Summary – A top-down review of interesting calls and comments made last week in Treasuries, monetary policy, economics, stocks, bonds & commodities. TAC is our acronym for Tweets, Articles, & Clips – our basic inputs for this article.
Editor’s Note: In this series of articles, we include important or interesting Tweets, Articles, Video Clips with our comments. This is an article that expresses our personal opinions about comments made on Television, Tweeter, and in Print. It is NOT intended to provide any investment advice of any type whatsoever. No one should base any investing decisions or conclusions based on anything written in or inferred from this article. Macro Viewpoints & its affiliates expressly disclaim all liability in respect to actions taken based on any or all of the information in this article.
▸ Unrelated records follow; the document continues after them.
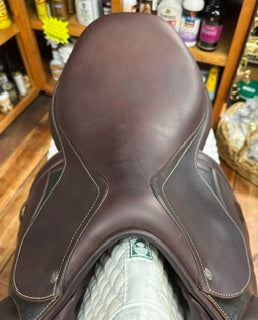 2023 Arion J2 Close Contact Jump Saddle - 18"
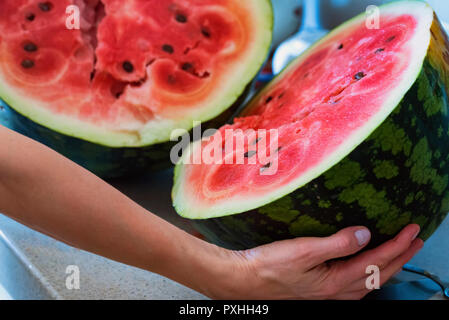 Mature succosa anguria tagliata a metà vicino Foto Stock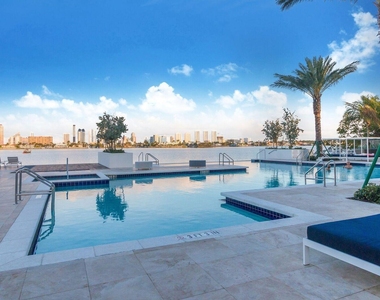 17111 Biscayne Boulevard - Photo Thumbnail 5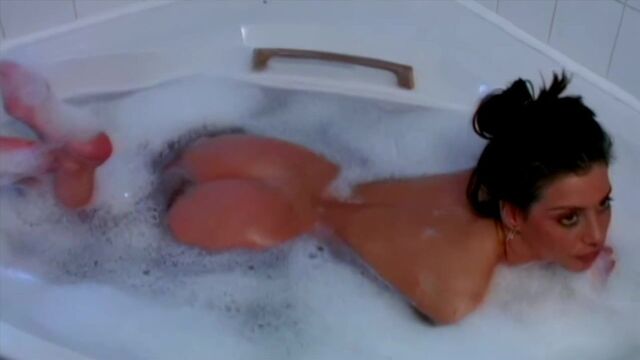 Pornografía con la seductive Linsey Dawn McKenzie con masturbación de BigBoob Bundle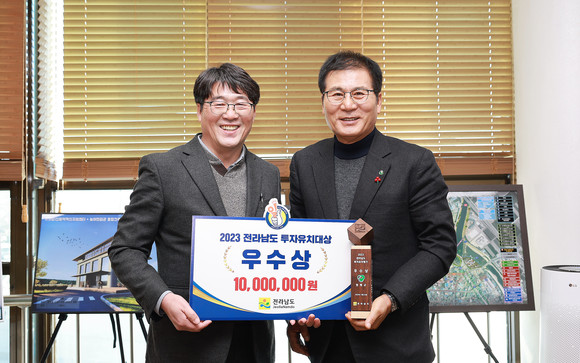 왼쪽부터 최종욱 지역개발과장, 이상익 함평군수. ⓒ 함평군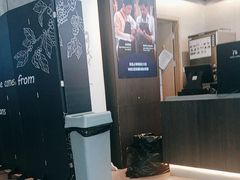 -瑞幸咖啡(浙江树人大学店)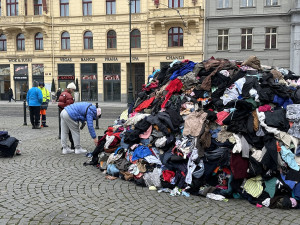 VIDEO: Hromadu oblečení nechalo vyhodit v centru Prahy hlavní město. Má upozornit na nadbytek textilního odpadu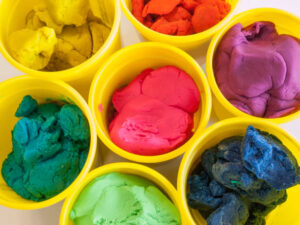 pate-a-modeler-coloree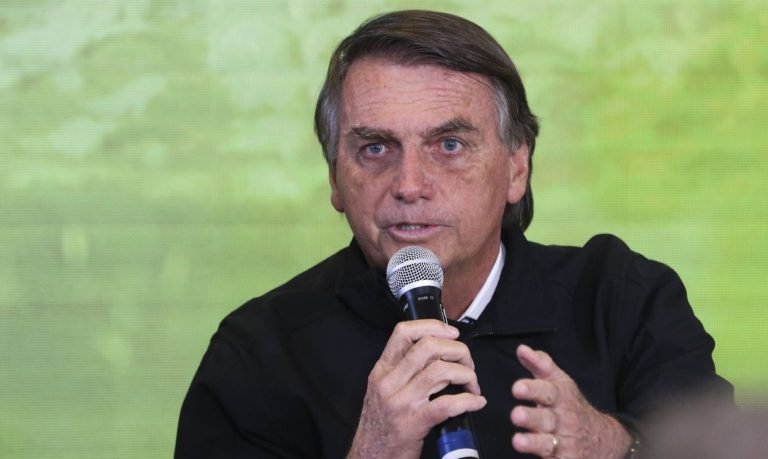 Bolsonaro oficializa candidatura à reeleição em convenção do PL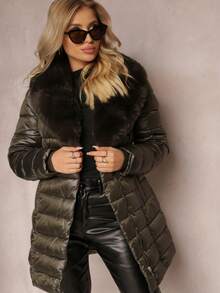 Quilted Jacket With Belt And Fur Collar - Green - View 4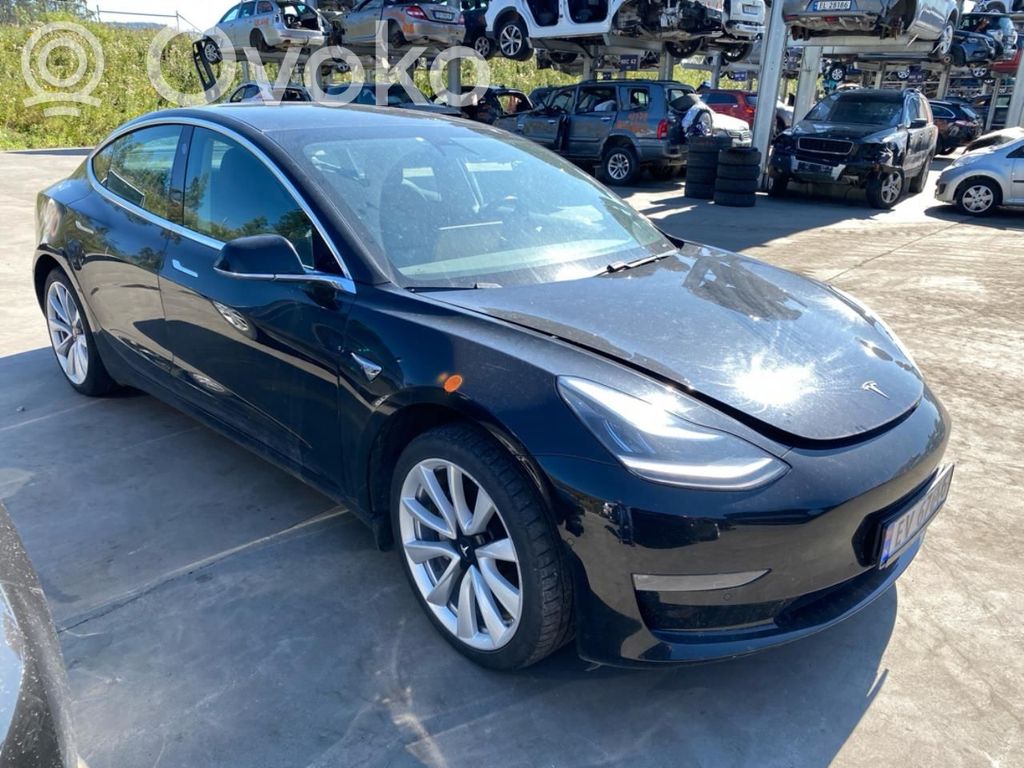 Model 3 Tesla Model 3  108340105I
Investing is a serious matter and all investment decisions should only be taken after a detailed discussion with your investment advisor and should be subject to your objectives, suitability requirements and risk tolerance.
1.Key 5-minutes of last week
Before those key 5-minutes was a “first time” event as Carley Garner of DeCarley Trading said on Bloomberg Markets on August 8, 24 at about 12:05 pm (minute 4:30 to minute 11:55):
- “I have been doing this for a very very long time & today is the first time I witnessed a Weekly Jobless Claims rally; this is really unbelievable price action; I would like to point out again we are extremely complacent here; I have heard a lot more chatter about market being at the bottom than at the top; if you look at the monthly chart, you can make a case we are closer to a top than a bottom; ….”
She is correct about the rally at 8:30 am on Thursday but, as Bloomberg Surveillance team might point out, weekly jobless claims have become a sort of pre-market indicator for economic strength-weakness. So we have seen a few up moves based on a surprisingly up jobless claims number.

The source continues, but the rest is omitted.